It doesn't have to do any analysis, just compile a database report really, so it is a lot faster than you might think, on par with Lightroom's keyword search itself, which operates the same way using the Catalog.

SYSTEM REQUIREMENTS

System requirements for the plug-in include:

  • Multicore processor with 64-bit support
  • Mac OS X 10.7 (or newer) or Windows 7/8.1/10 (64-bit)
  • Lightroom (Classic CC) Version 5 (or newer)
  • 4-GB Memory
  • 250-MB available HD space for basic installation and further HD space for storage of image feature data, e.g. an Adobe Lightroom Catalog of 100,000 images requires about 650 MB of additional HD space.

And in fact our 64,000 image Catalog requires an Excire database of 441.8-MB.

PRICE, AVAILABILITY

There are two version of the product.

  • The $69 Excire Search Lightroom plug-in is a high-performance search engine that runs locally on your computer and does not require any cloud services. After installing the plug-in and initializing your Lightroom Catalog, you are ready to perform some search tasks aided by artificial intelligence.
  • The $119 Excire Search Pro Lightroom plug-in provides all the features of the Excire Search plug-in plus an expanded keyword transfer function. Excire Search Pro equals the former Excire Search Premium Collection, which consists of the former modules EX, CT, FA & TT.

The main difference between Excire Search and Excire Search Pro is the keyword-transfer function.

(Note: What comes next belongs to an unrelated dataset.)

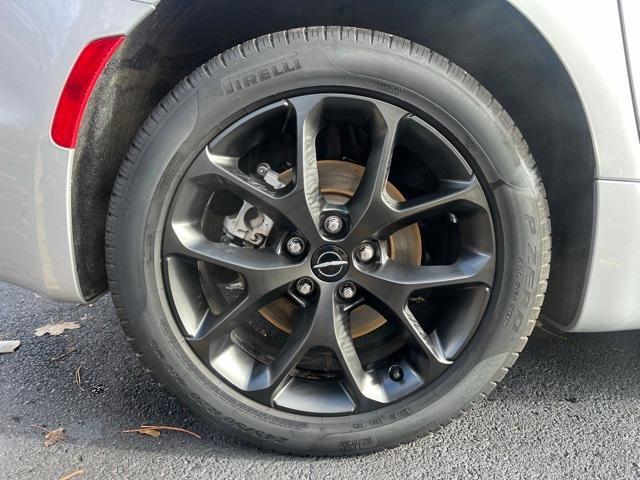 used 2024 Chrysler Pacifica car, priced at $37,000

But the Pro version also has many more keywords, 500 compared to the 125 of the basic version. "While the 125 keywords are optimal for the average user, who wants to keep things simple, professional photographers and serious hobbyists work with larger Catalogs and will benefit from more refined keywords," the company said.

The company has also pledged a portion of the proceeds for each sale to support non profits in the U.S. Excire notes:

We want to keep giving back and a small portion of every purchased Excire Search download will be held in a special fund for support to a variety of nonprofits in the United States market. We'll be developing our own Giving Back Advisory Board who will help us decide each year on a different charity needing more support.

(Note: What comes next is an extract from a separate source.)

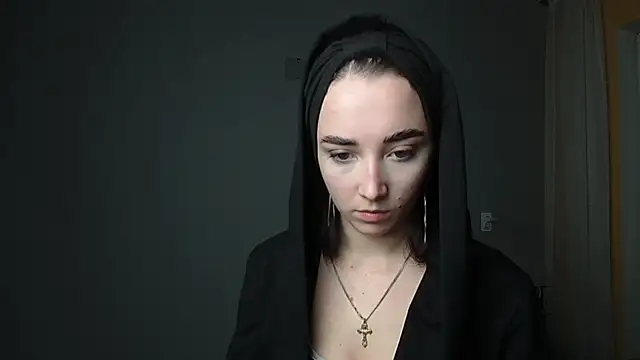 Eva Gloryy online show from 02.13.25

Both products are available directly from Excire. A free trial version is also available.

CONCLUSION

Igor had a difficult time retrieving images with red ties. For some reason he seemed obsessed with Communist countries rather than men's neckties. When we asked him what the trouble was he kept mumbling feverishly, "Men who wear red ties have red ties!"

Excire Search Pro doesn't suffer that kind of confusion. Like Igor, it isn't perfect, but unlike Igor, it's actually fun to use. And it's fun because it delivers something useful every time.

Excire Search Pro has proven to be indispensable here. And that earns it all four photo corners.